Question

prove/solve tan4t- tan2t/1+tan4t tan2t = 2tant/1-tan^2t

Answer 1

Too bad that cannot be rationally translated. Please remember your Order of Operations and add parentheses where necessary.

Examples:

tan(x) + 1/sin(x) = \(\tan{x} + \dfrac{1}{\sin(x)}\)

(tan(x) + 1)/sin(x) = \(\dfrac{\tan(x) + 1}{\sin(x)}\)

1/tan(x) + 2 = \(\dfrac{1}{\tan(x)} + 2\)

1/(tan(x) + 2) = \(\dfrac{1}{\tan(x) + 2}\)

Answer 2

(tan4T- tan2T)/(1+tan4T tan2T) = 2tanT/1-tan^2T

Answer 3

Are you sure? How about that last piece on the far right? Words and symbols mean things.

Answer 4

yep, i mean you can put both top and bottom of the right side in parentheses regardless but your supposed to use the trig identities to prove it

Answer 5

It does help to write it correctly, first.

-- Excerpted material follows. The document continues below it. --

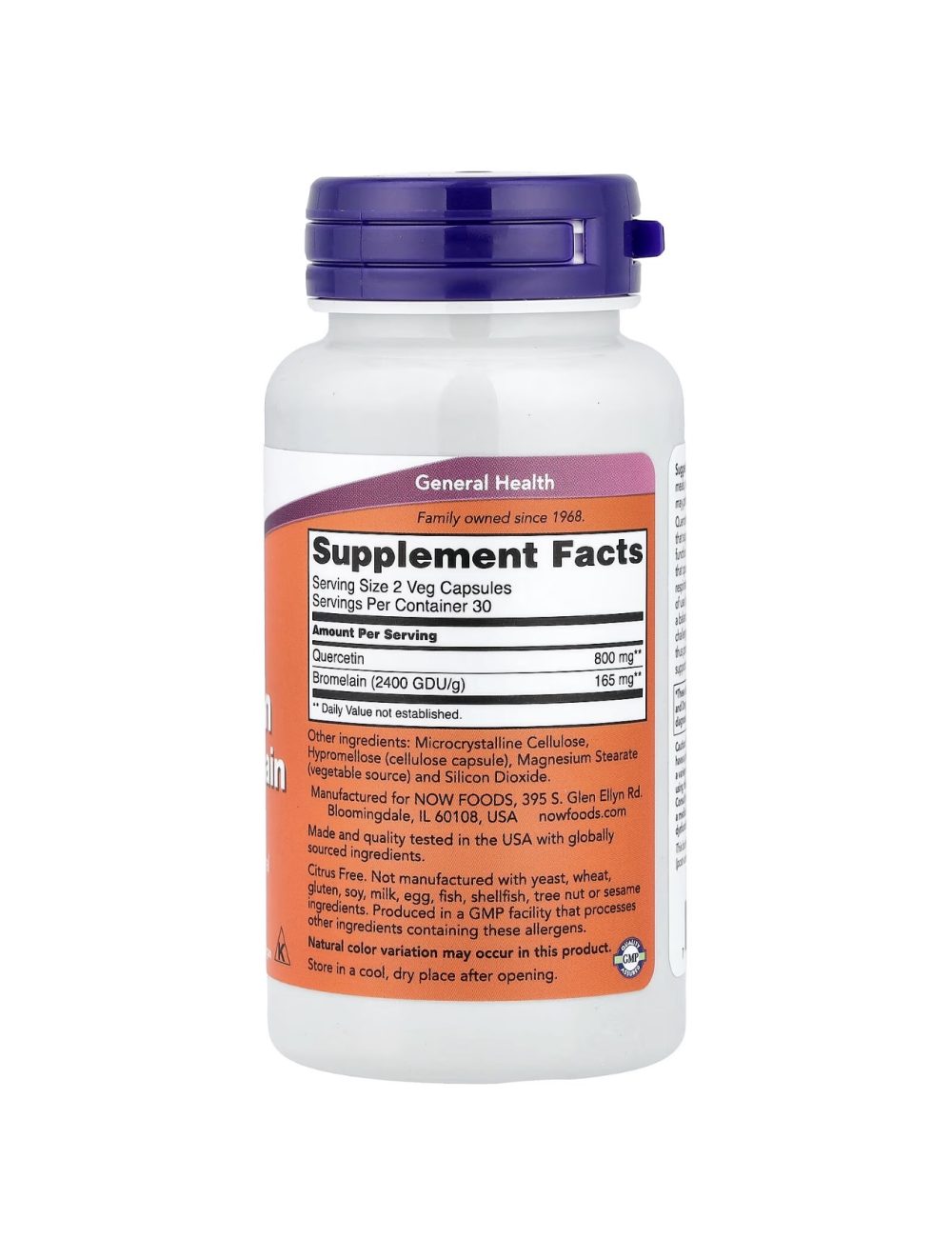 NOW FOODS Quercetin With Bromelain 60Veg Capsules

Do you have this? \(\tan(\alpha - \beta) = \dfrac{\tan(\alpha) - \tan(\beta)}{1 + \tan(\alpha)\tan(\beta)}\). It looks like it could be useful on the left-hand side.

And this? \(\tan(\alpha + \beta) = \dfrac{\tan(\alpha) + \tan(\beta)}{1 - \tan(\alpha)\tan(\beta)}\). It looks like it could be useful on the right-hand side.

Answer 6

yea sorry about that the interface is new to me. i got tan(4T-2T) for the left side im not sure if that is correct and if it is what to do next

Answer 7

Perfect.

\(\tan(4T - 2T) = \tan(2T) = \tan(T + T)\)

Now, use the other formula! You'll be done!

Answer 8

awesome! thanks for your help/support!

Answer 9

You got it!! Good work.